## 数据库操作模块

In [110]:
import sqlite3

class Database:

    def __init__(self):
        self.conn = sqlite3.connect('data.db')
        self.cursor = self.conn.cursor()
        self.cursor.execute('''
            CREATE TABLE IF NOT EXISTS BOOKS
            (BID   INT PRIMARY KEY NOT NULL,
             TITLE CHAR(30) NOT NULL,
             AUTHR CHAR(30) NOT NULL,
             PTIME INT,
             DESCR TEXT,
             CONTENT TEXT);
        ''')
        self.conn.commit()

    def insert(self, bid, title, authr, ptime, descr, content):
        self.cursor.execute('''
            INSERT INTO BOOKS(BID, TITLE, AUTHR, PTIME, DESCR, CONTENT)
            VALUES(?, ?, ?, ?, ?, ?);''', (bid, title, authr, ptime, descr, content))
        self.conn.commit()
    
    def printb(self, title):
        values = self.cursor.execute('''SELECT * FROM BOOKS WHERE TITLE=?''', (title, ))
        for bid, title, authr, ptime, descr, _ in values:
            print(f'[  BID]: {bid}\n[TITLE]: {title}\n[AUTHR]: {authr}\n[PTIME]: {ptime}\n[DESCR]: {descr}\n')
            
    def update(self, bid, field, value):
        self.cursor.execute('''
            UPDATE BOOKS SET %s = ? WHERE BID = ?;
        ''' % field.upper(), (value, bid))
        self.conn.commit()
        
    def close(self):
        self.conn.close()

## 使用说明
参考博客：[python + sqlite3 基本操作](https://blog.csdn.net/weixin_43789195/article/details/88201873)

### 初始化数据库
连接（不存在则自动创建）、建表（不存在则自动创建）

+ 表名为`BOOKS`

|字段名|含义|数据类型|要求|
|---|---|---|---|
|BID|书的编号|INT|PRIMARY KEY、NOT NULL|
|TITLE|标题|CHAR(30)| NOT NULL|
|AUTHR|作者|CHAR(30)| NOT NULL|
|PTIME|出版年份|INT|-|
|DESCR|描述|TEXT|-|
|CONTENT|内容|TEXT|-|

In [112]:
database = Database()

### 插入一本书
参数依次为BID，TITLE，AUTHR，PTIME，DESCR，CONTENT，注意传入的数据类型

In [None]:
database.insert(0, title, authr, ptime, ' ', ' ')

### 更新一本书的属性
参数依次为BID，控制的属性名field，更新后的属性值value

In [114]:
database.update(0, 'descr', descr)

### 输出一本书的简要信息
参数为书名

In [115]:
database.printb(title)

[  BID]: 0
[TITLE]: Boob Tube (a Soap Opera Novel)
[AUTHR]: Mark Coker; & Lesleyann Coker
[PTIME]: 2008-03-07
[DESCR]: Actress Gina Martin lands a role on a top daytime television soap opera, and days later her predecessor is found dead in the Hollywood hills. Will Gina be next? Boob Tube offers readers a fast-paced read filled with intrigue and humor, and a surprise ending that will leave you breathless. Co-written by Lesleyann Coker, a former reporter for Soap Opera Weekly Magazine.


### 手动关闭数据库

In [111]:
database.close()

## 爬第一个网站的书

网站地址：[https://www.smashwords.com/](https://www.smashwords.com/)
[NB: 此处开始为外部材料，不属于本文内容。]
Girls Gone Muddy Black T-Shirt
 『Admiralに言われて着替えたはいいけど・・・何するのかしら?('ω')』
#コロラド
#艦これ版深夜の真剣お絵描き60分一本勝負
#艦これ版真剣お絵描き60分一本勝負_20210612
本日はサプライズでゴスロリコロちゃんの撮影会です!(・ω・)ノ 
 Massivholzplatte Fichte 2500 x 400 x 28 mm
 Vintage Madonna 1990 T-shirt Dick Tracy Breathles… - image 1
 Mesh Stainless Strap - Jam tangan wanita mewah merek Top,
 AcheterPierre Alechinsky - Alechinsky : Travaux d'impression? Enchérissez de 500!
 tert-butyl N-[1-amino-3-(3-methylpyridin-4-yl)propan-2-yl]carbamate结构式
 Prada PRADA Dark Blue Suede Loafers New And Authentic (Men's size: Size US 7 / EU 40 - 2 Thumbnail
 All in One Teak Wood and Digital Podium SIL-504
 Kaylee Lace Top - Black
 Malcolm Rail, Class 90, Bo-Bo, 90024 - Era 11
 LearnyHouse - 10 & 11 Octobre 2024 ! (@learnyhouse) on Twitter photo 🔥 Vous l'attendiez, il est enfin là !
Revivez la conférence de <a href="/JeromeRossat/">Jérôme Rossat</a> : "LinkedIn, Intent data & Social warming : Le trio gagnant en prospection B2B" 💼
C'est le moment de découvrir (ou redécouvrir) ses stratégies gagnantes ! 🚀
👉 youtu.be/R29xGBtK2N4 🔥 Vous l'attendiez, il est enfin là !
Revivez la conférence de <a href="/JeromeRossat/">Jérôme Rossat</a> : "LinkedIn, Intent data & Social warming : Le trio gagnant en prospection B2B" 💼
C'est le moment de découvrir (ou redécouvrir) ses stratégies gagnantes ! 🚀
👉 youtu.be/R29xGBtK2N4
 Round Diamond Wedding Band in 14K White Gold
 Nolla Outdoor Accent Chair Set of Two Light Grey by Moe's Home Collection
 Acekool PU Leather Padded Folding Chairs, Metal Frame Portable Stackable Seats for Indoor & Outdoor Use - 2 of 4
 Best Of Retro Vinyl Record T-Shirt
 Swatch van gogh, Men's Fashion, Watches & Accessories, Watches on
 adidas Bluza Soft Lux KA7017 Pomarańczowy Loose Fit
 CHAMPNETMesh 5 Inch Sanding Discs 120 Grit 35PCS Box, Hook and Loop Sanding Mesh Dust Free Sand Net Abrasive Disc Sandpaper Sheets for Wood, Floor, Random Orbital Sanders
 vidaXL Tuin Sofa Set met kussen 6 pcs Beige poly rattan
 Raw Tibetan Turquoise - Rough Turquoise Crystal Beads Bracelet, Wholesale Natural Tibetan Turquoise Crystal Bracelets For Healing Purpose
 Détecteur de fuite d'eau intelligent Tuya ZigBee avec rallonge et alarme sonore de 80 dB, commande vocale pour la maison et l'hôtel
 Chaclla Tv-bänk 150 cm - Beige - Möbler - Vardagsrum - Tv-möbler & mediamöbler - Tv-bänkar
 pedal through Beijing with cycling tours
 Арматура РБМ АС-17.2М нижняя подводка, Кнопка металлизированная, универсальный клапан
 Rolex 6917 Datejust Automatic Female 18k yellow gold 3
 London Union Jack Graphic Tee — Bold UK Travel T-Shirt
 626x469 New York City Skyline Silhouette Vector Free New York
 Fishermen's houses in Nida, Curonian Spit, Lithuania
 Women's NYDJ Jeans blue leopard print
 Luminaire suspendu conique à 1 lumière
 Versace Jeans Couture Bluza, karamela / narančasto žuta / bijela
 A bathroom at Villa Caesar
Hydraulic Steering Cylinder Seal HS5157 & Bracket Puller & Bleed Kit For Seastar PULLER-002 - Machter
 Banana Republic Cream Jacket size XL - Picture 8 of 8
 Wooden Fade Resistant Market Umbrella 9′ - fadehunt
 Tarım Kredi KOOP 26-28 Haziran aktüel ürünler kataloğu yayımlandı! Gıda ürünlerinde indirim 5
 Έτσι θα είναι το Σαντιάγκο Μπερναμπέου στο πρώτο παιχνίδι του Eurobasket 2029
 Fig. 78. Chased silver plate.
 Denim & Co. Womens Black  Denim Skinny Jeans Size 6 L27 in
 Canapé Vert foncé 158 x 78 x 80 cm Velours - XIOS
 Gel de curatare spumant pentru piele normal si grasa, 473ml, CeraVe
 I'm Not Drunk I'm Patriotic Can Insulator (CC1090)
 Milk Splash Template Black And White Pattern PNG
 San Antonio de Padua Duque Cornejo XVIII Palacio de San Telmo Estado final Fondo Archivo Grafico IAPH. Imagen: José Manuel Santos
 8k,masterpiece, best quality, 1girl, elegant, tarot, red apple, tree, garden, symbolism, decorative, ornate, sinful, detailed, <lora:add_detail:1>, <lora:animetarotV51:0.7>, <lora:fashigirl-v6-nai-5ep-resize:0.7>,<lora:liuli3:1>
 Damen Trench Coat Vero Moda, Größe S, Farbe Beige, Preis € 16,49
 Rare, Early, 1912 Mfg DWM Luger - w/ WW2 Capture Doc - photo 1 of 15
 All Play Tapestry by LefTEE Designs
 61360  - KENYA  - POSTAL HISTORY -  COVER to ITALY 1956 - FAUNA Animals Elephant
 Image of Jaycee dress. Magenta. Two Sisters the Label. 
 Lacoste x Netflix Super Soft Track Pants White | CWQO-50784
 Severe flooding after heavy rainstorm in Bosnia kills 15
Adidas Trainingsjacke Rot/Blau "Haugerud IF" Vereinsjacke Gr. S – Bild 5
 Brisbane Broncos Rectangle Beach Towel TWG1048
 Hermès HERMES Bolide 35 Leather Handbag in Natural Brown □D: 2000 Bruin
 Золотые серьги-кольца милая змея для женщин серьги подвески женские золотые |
这里使用了`parsel`模块，可以参考[官方文档](https://parsel.readthedocs.io/en/latest/usage.html#using-selectors)

In [None]:
import requests, time
from parsel import Selector

database = Database()
url = "https://www.smashwords.com/books/view/{bid}"
for i in range(3, 80000):
    res = requests.get(url.format(bid=i))
    if res.status_code == 404: 
        print("No Book", i)
        continue
    selector = Selector(res.text)
    title = selector.css("h1[itemprop='name']::text").extract_first()
    authr = selector.css("meta[name='Author']").xpath('@content').extract_first()
    descr = selector.css("meta[name='Description']").xpath('@content').extract_first()
    ptime = selector.css("li[itemprop='datePublished']").xpath('@content').extract_first()
    download_links = [link for link in selector.css("#download a").xpath("@href").getall() 
                      if link.endswith(".txt") or link.endswith(".epub")]
    content = requests.get("https://www.smashwords.com" + download_links[-1]).text if download_links else ""
    if not (content and title and authr and ptime):
        print("Not Free", i)
    else:
        database.insert(i, title, authr, ptime, descr, content)
        database.printb(title)
    time.sleep(0.3)

[  BID]: 0
[TITLE]: Boob Tube (a Soap Opera Novel)
[AUTHR]: Mark Coker; & Lesleyann Coker
[PTIME]: 2008-03-07
[DESCR]: Actress Gina Martin lands a role on a top daytime television soap opera, and days later her predecessor is found dead in the Hollywood hills. Will Gina be next? Boob Tube offers readers a fast-paced read filled with intrigue and humor, and a surprise ending that will leave you breathless. Co-written by Lesleyann Coker, a former reporter for Soap Opera Weekly Magazine.
[  BID]: 3
[TITLE]: Boob Tube (a Soap Opera Novel)
[AUTHR]: Mark Coker; & Lesleyann Coker
[PTIME]: 2008-03-07
[DESCR]: Actress Gina Martin lands a role on a top daytime television soap opera, and days later her predecessor is found dead in the Hollywood hills. Will Gina be next? Boob Tube offers readers a fast-paced read filled with intrigue and humor, and a surprise ending that will leave you breathless. Co-written by Lesleyann Coker, a former reporter for Soap Opera Weekly Magazine.
Not Free 4
Not Free